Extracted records
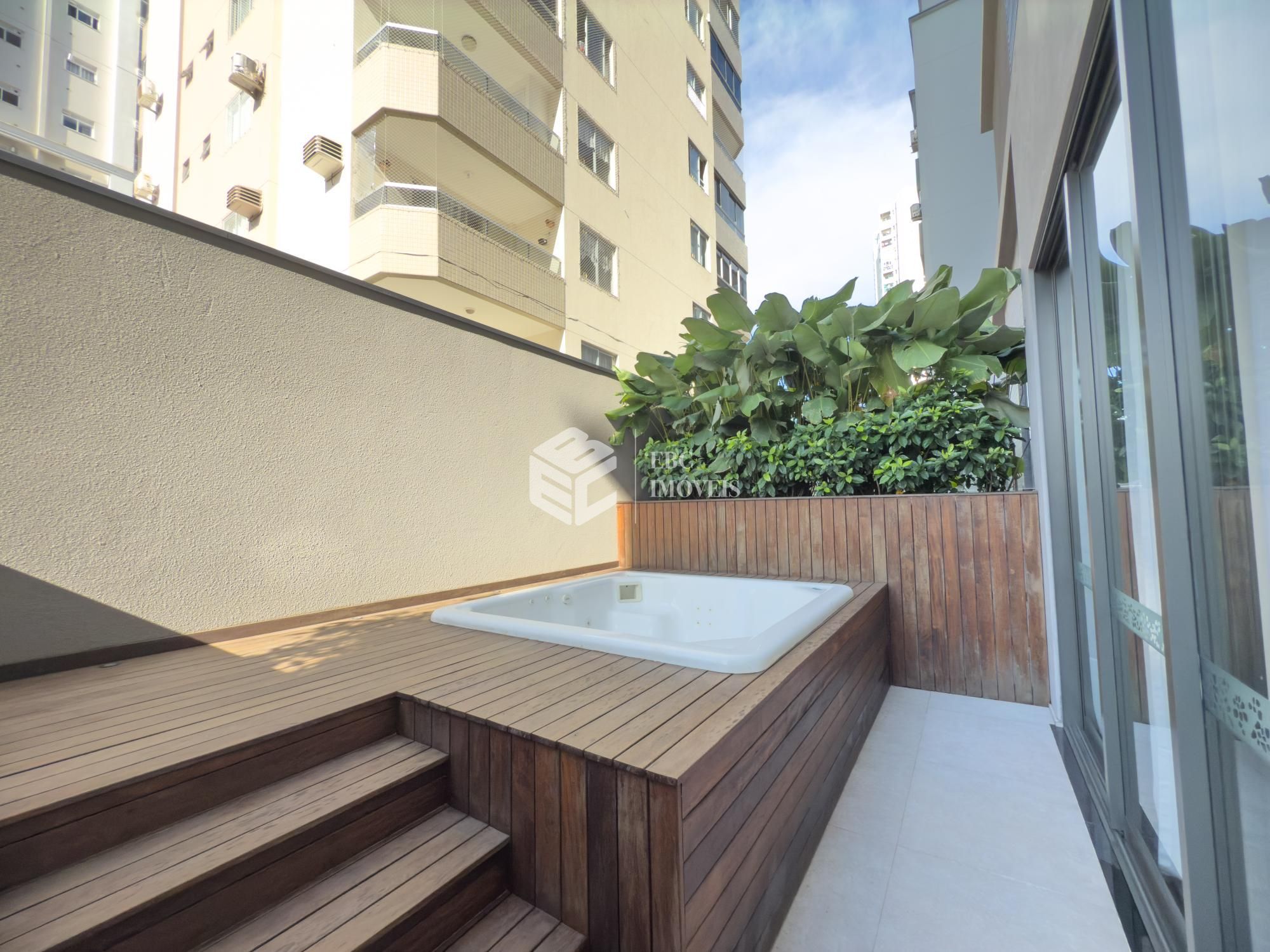 Apartamento, 3 quartos, 125 m² - Foto 27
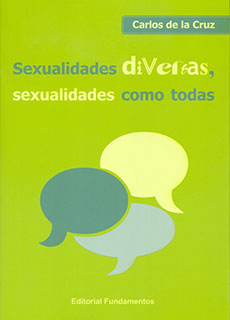 Sexualidades diversas, sexualidades como todas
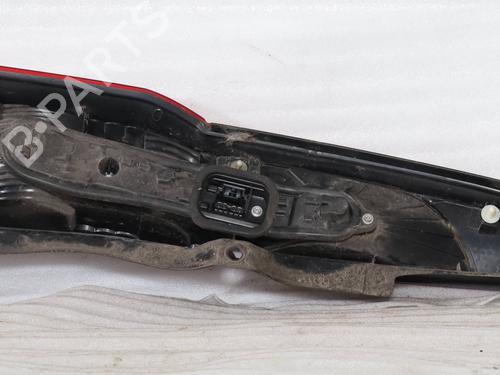 Right taillight FIAT PANDA (169_) 1.2 (169.AXB11, 169.AXB1A) | BP36963648C35 - Image 4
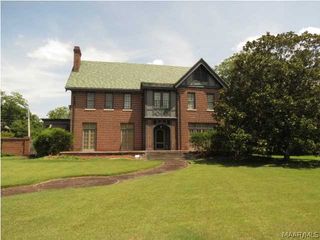1707 S Perry Street, Montgomery, AL 36104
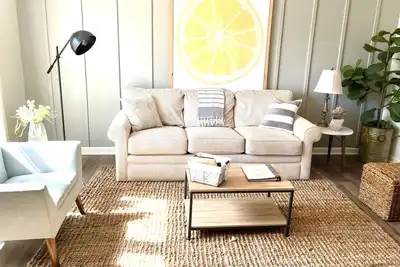 Image de Appartements NoKno • The Little Lemon Lounge 🍋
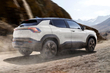 Обзор Suzuki eVitara: Первый электрический кроссовер от Suzuki фото 4
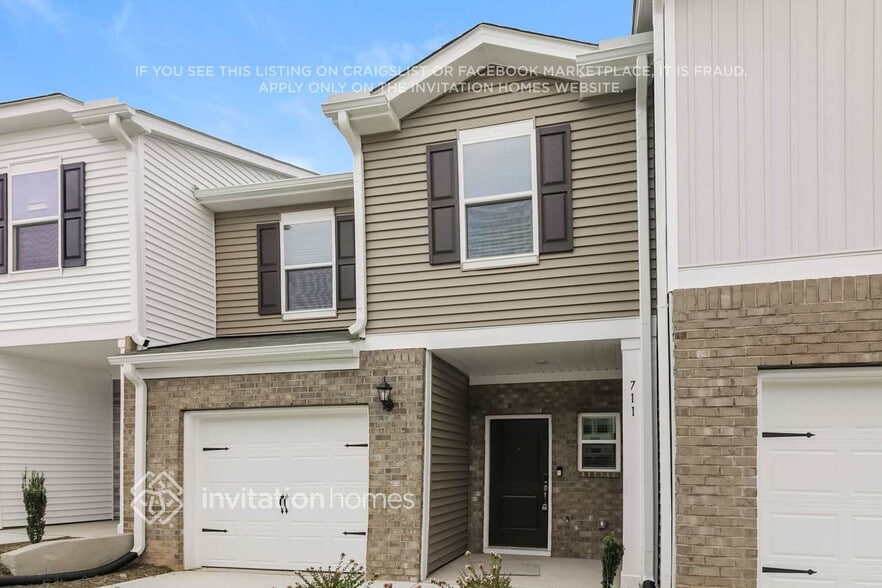 Building Photo - 711 Hilton Pk Lp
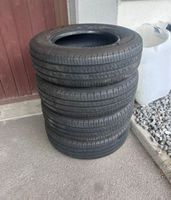 4x Goodyear 205/75 16C ~7mm 2025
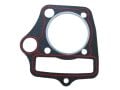 Üst Conta Telli Cub 110 Kh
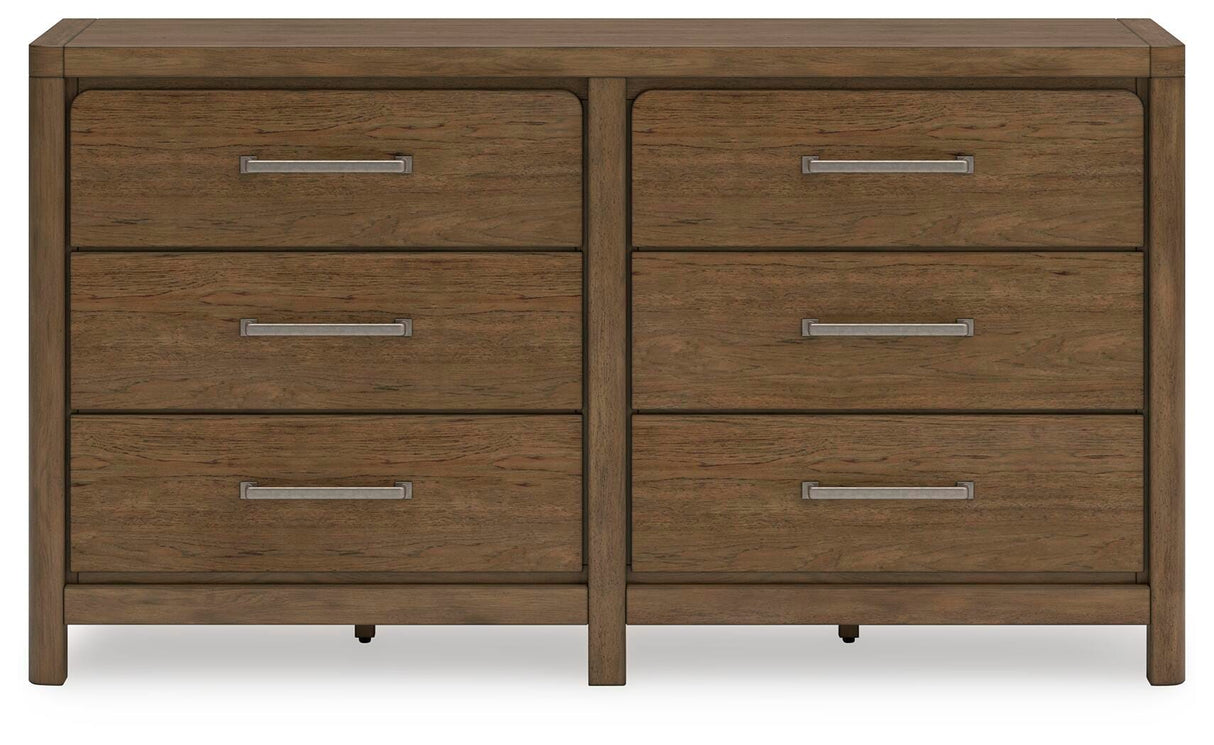 Cabalynn Dresser - B974-31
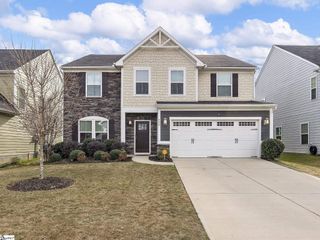 420 Fieldsview Lane, Simpsonville, SC 29681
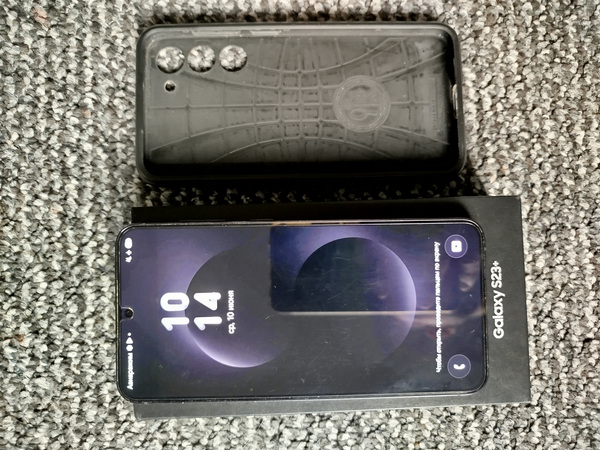 Samsung Galaxy S23+ 256GB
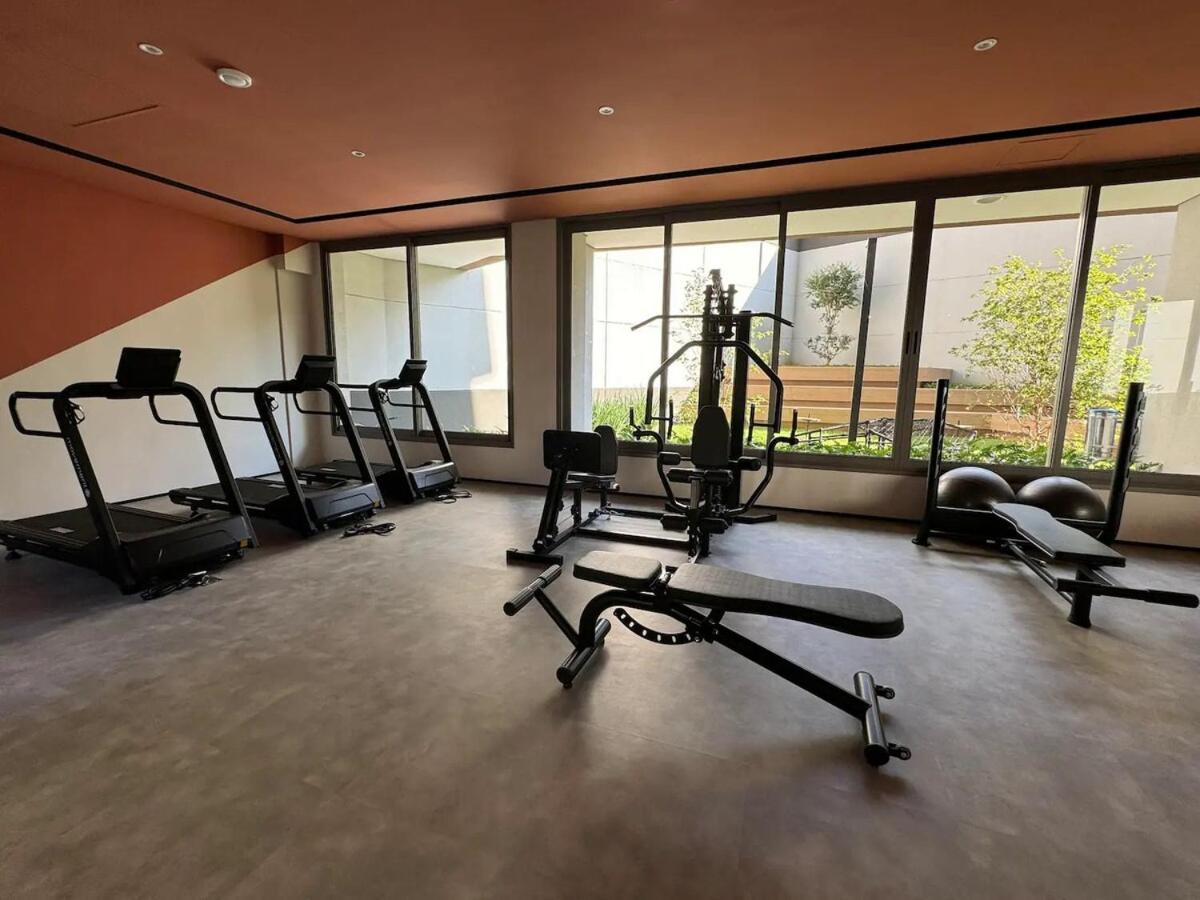 Apartamento Sinta-se Em Casa Allianz Parque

Exercise brief: Your copy should hold only the lines from the line with "Üst Conta Telli Cub 110 Kh" through the end of the data above, both ends included, transcribed exactly and without pictures.

Answer section:
 Üst Conta Telli Cub 110 Kh
 Cabalynn Dresser - B974-31
 420 Fieldsview Lane, Simpsonville, SC 29681
 Samsung Galaxy S23+ 256GB
 Apartamento Sinta-se Em Casa Allianz Parque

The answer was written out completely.